The Haves and Have Nots
I obsess over little things, and here's something that's driving me crazy.
I have the latest edition of "Los Angeles Sports & Fitness", a free magazine that covers Southern California races. This issue is focusing on marathons, and the "Publisher's Note" has an unintentional brain twister. I will check and recheck and recheck my typing; I assure you what you read is EXACTLY as it was printed in the magazine:
"Have you completed a marathon? Odds are you haven't. And being a reader of this magazine, the odds are with you that you have run several marathons. But you probably haven't."
WTF?
I keep going over it again and again, trying to parse it. Is it saying I probably HAVE run a marathon? Or have NOT?
"Have you completed a marathon? Odds are you haven't."
OK, most people in the country have not run a marathon, so that makes sense.
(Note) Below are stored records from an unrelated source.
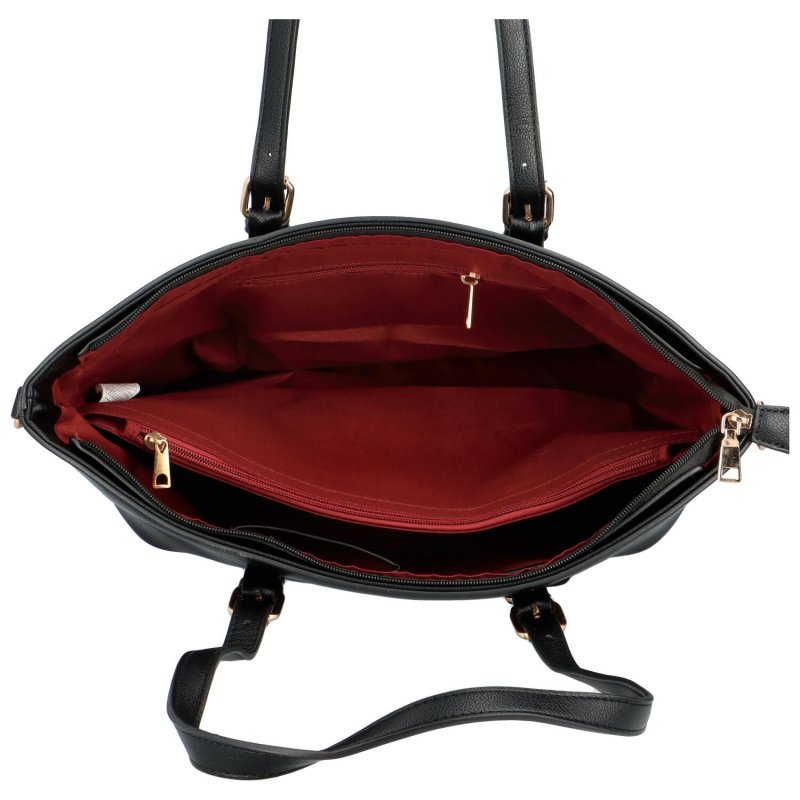 Elegantní větší dámská koženková kabelka Thetis, černá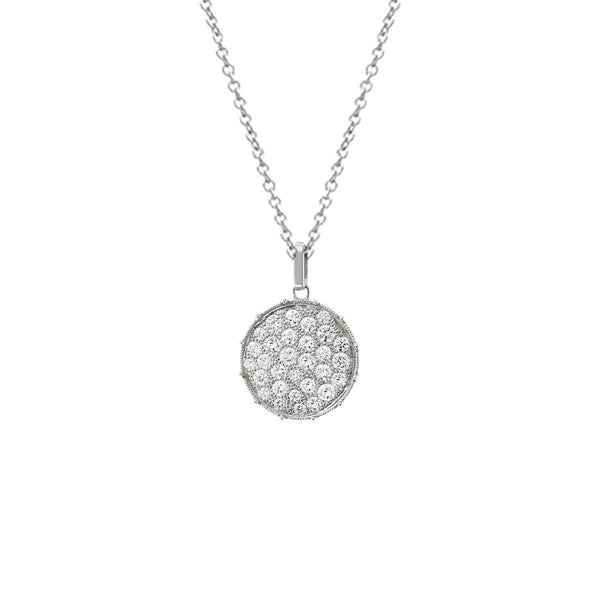 18 Karat White gold Confetti Pendant with White Diamonds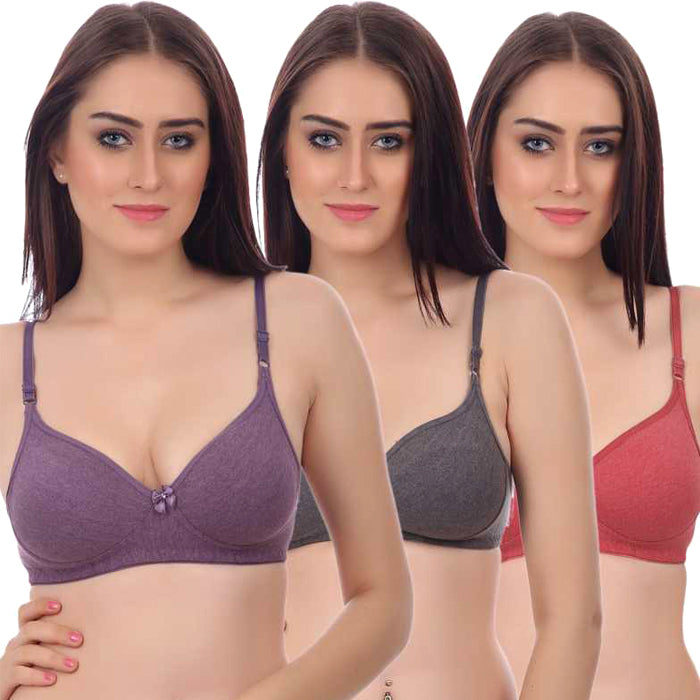 Soft & Cozy Cotton Bra-Pk Of 3 - Pionie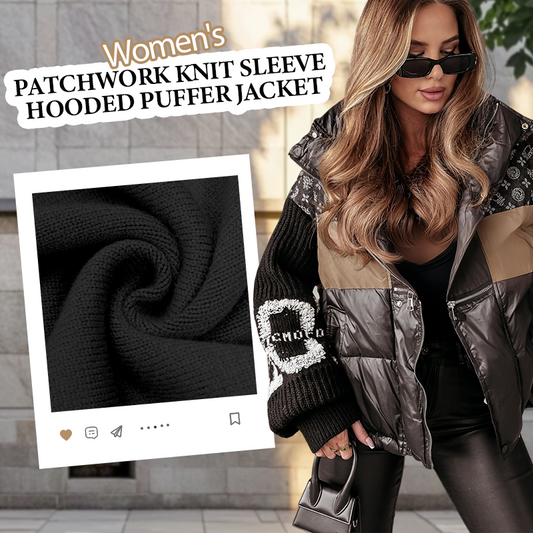Giacca da donna con cappuccio e maniche in maglia patchwork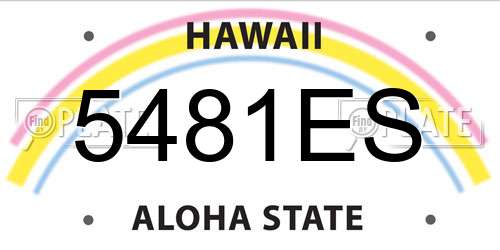 5481ES Hawaii License Plate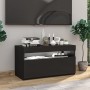 Mueble de TV con luces LED negro 75x35x40 cm de vidaXL, Muebles TV - Ref: Foro24-804393, Precio: 64,51 €, Descuento: %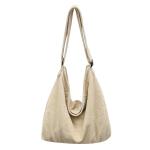 Schoudertas voor dames, grote shopper, tote bag, schoudertas, casual crossbody tas met verstelbare schouderriem, voor school, kantoor, werk, reizen, uitstapjes, winkelen, beige
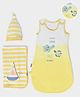 Mi Arcus 100% Cotton Bedding Gift Set  Pack of 3 (Sleepsuit, Blanket & Cap), Yellow, Suitable for 0- 6 Months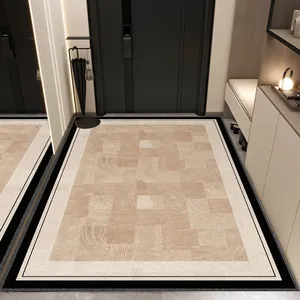 Modern loop pile entrance door mat with geometric wood grain pattern for hallway decor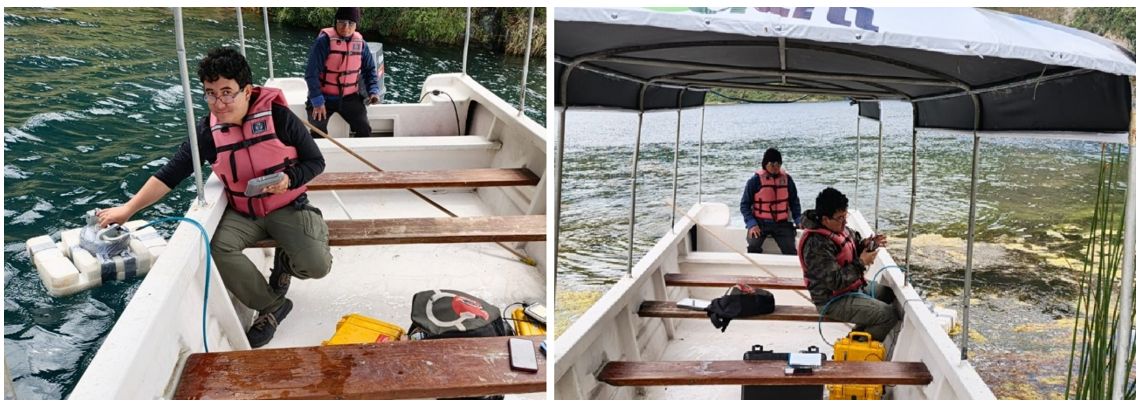 Medición de gas difuso en la laguna cratérica de Cuicocha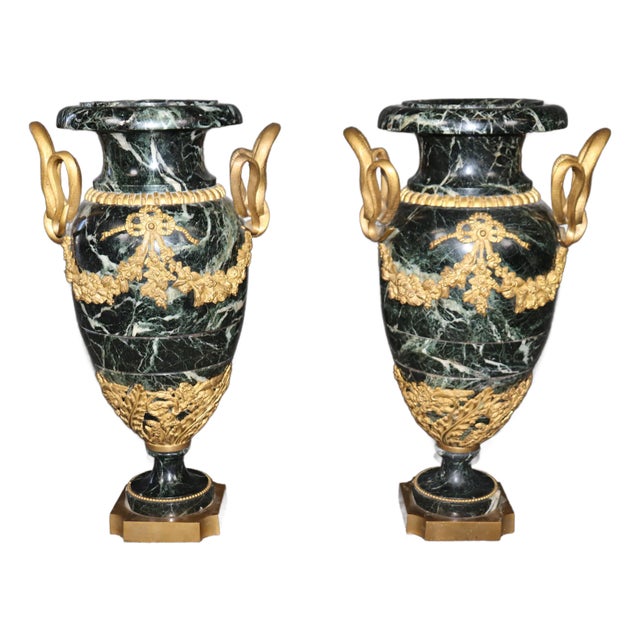 Dore' Bronze Mounted French Empire Verdi Marble Cassolettes With Serpents For Sale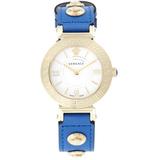 Goldtone Stainless Steel & Leather Strap Watch - Blue - Versace Watches
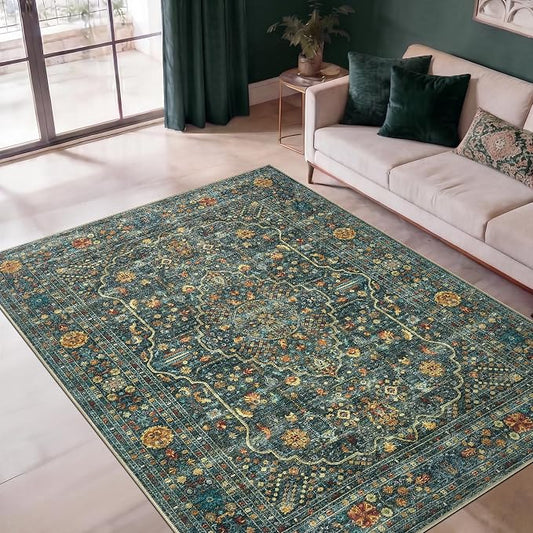 Keen Home Design 3x5 Rug - Machine Washable Entry Rug with Non-Slip Backing, Ideal for Enteryway, Kitchen, Bathroom, Laundry Room - Vintage, Easy Clean, Durable, Low Pile Rug - (3' x 5')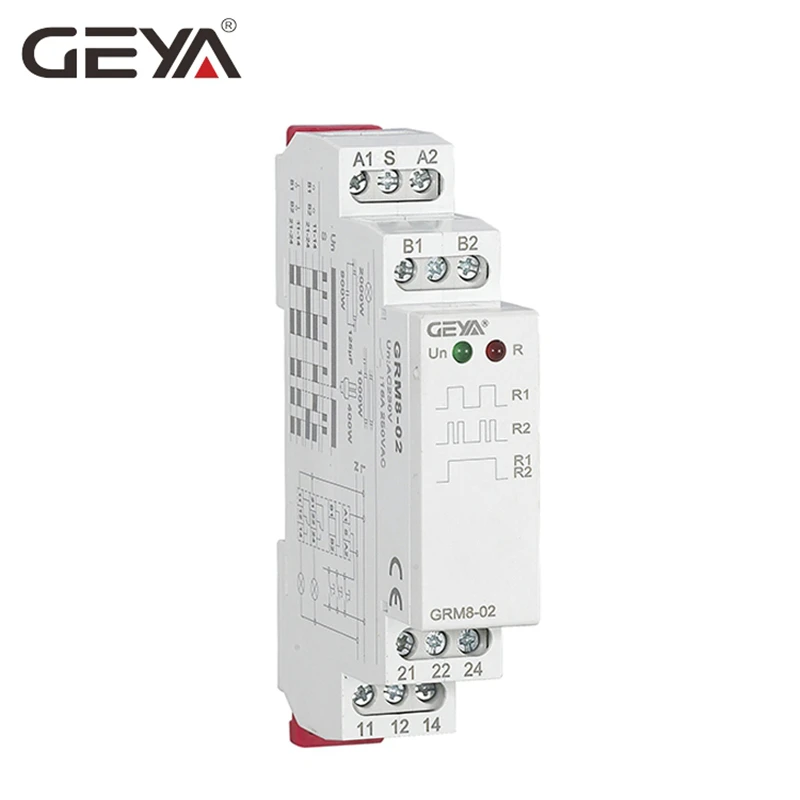 GEYA Din Rail Latching Relay 220V Impulse Relay DC12V 24V 16A Electronic Relay with CE CB certificate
"And being a reader of this magazine, the odds are with you that you have run several marathons."
Um, maybe he's trying to say that their readers are really dedicated, so chances are you haven't run ONE marathon but several.
"But you probably haven't."
Now I'm lost completely.
I can't figure out what he's trying to say or, if there is a typo, how it could possibly be fixed. I realize LAS&F isn't The New York Times, but seriously. Publisher Danny Greenberg must have been oxygen depleted or something when he wrote that.
3 Comments:
Um, perhaps he's making the point that you may have run several marathons, but you probably didn't complete them.
Interesting theory hoolia... but then is the author saying "chances are, you're a big failure?"
Hmm, perhaps, so that then he can tell you just how reading LA S&F can fix you. Or perhaps he was just having a bad month and wanted to take it out on the masses!